Lack Of Pressure Results In Steelers’ Turnover Streak Ending In Foxborough

The Pittsburgh Steelers’ defense’s claim to the NFL’s longest active takeaway streak has come to an end – maybe controversially tonight in Foxborough. Coming into the AFC Championship game, the Steelers defense had recorded a turnover in 12-straight games, dating all the way back to their matchup with none other than the New England Patriots.

Now while the questions remain on a fumble by Tom Brady on a quarterback sneak, we can only work with what we know and what we know is that the play was not ruled a fumble even after review. Another fact we know is that it is more likely that the Steelers’ turnover streak is over not due to a potentially missed call but due to a lack of pressure on the opposing quarterback.

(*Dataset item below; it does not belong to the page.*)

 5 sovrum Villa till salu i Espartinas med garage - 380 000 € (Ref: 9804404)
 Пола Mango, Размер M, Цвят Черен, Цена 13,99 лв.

What has gone hand in hand for the Steelers being able to record 22 turnovers in a 12-game span was absent tonight. The Steelers’ ability to create pressure on opposing quarterbacks was hindered for most of tonight’s game. It does not take many credentials to determine that opposing offenses become more mistake prone when pressure is being applied to the quarterback. Tomlin alluded to this in his post-game press conference.

“We didn’t play the type of ball we normally play” the Steelers coach said after a disappointing performance at rattling Patriots quarterback Tom Brady.

It was not the type of ball that we have seen from the Steelers defense, in fact it really was not even close. After an early sack by nose tackle Javon Hargrave on the Patriots second possession, the Steelers failed to record another sack until Sean Davis notched one late in the fourth quarter, the game already out of reach by then. In company with those two sacks, the Steelers also only managed three quarterback hits on Brady. For comparison sake, the Houston Texans racked up eight quarterback hits last week against Brady.

It is little to no surprise that with enough time to say the alphabet forwards and backwards, Brady and the Patriots offense did not commit an offensive turnover. With a zone defense in Brady’s vision, the ability to get home and disrupt his timing and comfortability could have been the difference maker. Instead, Brady was able to wait with no fear that a target would eventually find the soft spot in the zone, and just like Brady hoped, his targets rather easily found spots in the Steelers’ zone.

With no fear in Brady’s eyes, the Steelers were faced with their own fears as a result of the consequences. The fears of Brady throwing a perfect game, leaving the Steelers defense without a shot at the Super Bowl or a takeaway became an all too familiar reality for the Keith Butler led crew.